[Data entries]
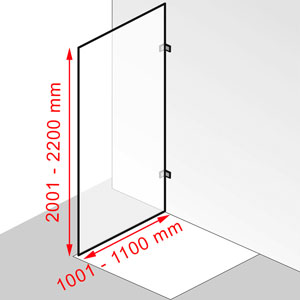 1001 - 1100 mm / 2001 - 2200 mm: 1001 - 1100 mm / 2001 - 2200 mm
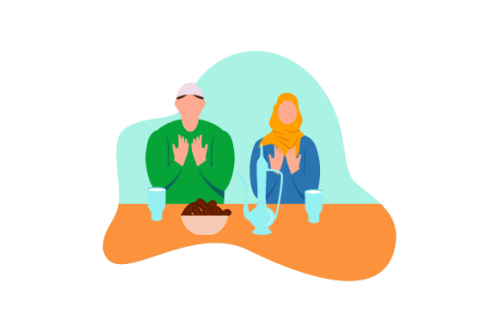 Flat Design Iftar Eating After Fasting feast party concept. Muslim family dinner on Ramadan Kareem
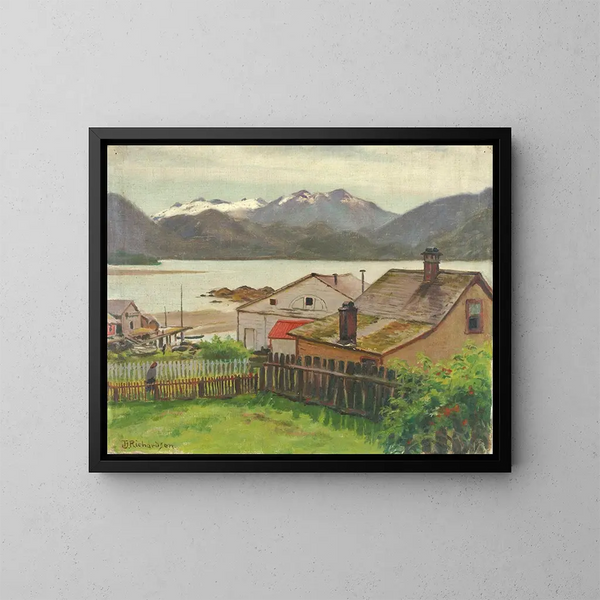 En el viejo barrio de Sitka 1900 - Theodore J. Richardson — cuadro enmarcado en la pared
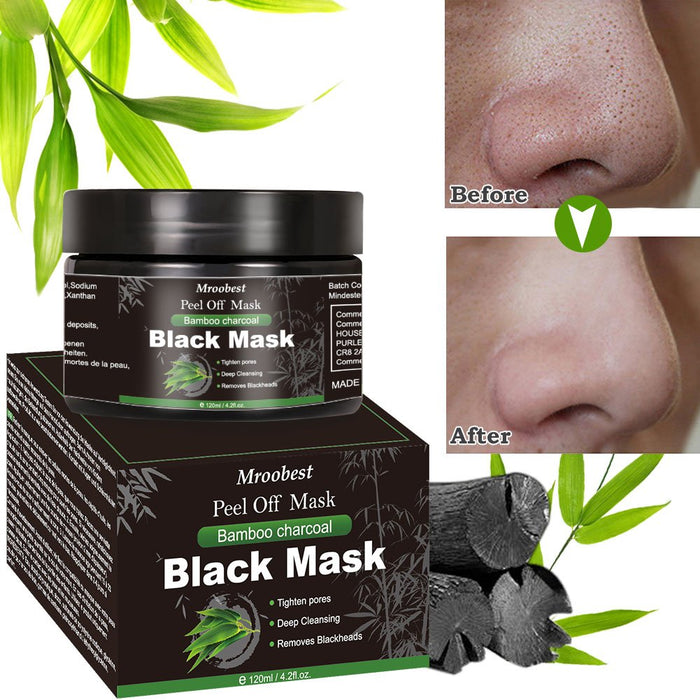 Mitesser Maske, Peel off Maske, Bambus Holzkohle Peel Off Maske, Poren reinigen Anti Öl Kontrolle Reinigung Blackhead Maske, Tiefenreinigung-120ML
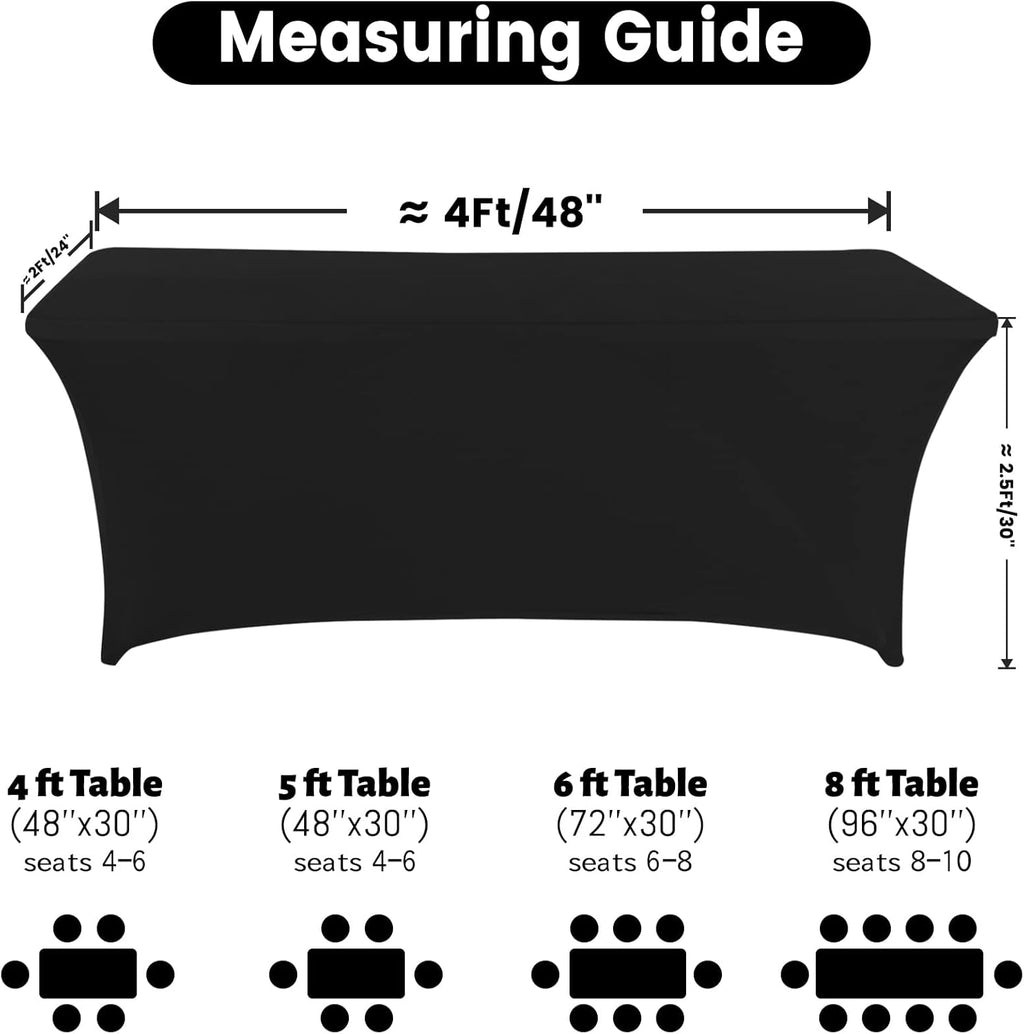 Spandex Table Cover - 4 Ft Fitted Polyester Tablecloth with Open Back - Black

▶ _Your goal_: For this exercise, output the records exactly but omit their pictures.

▶ _Reply to the task_:
 1001 - 1100 mm / 2001 - 2200 mm: 1001 - 1100 mm / 2001 - 2200 mm
 Flat Design Iftar Eating After Fasting feast party concept. Muslim family dinner on Ramadan Kareem
 En el viejo barrio de Sitka 1900 - Theodore J. Richardson — cuadro enmarcado en la pared
 Mitesser Maske, Peel off Maske, Bambus Holzkohle Peel Off Maske, Poren reinigen Anti Öl Kontrolle Reinigung Blackhead Maske, Tiefenreinigung-120ML
 Spandex Table Cover - 4 Ft Fitted Polyester Tablecloth with Open Back - Black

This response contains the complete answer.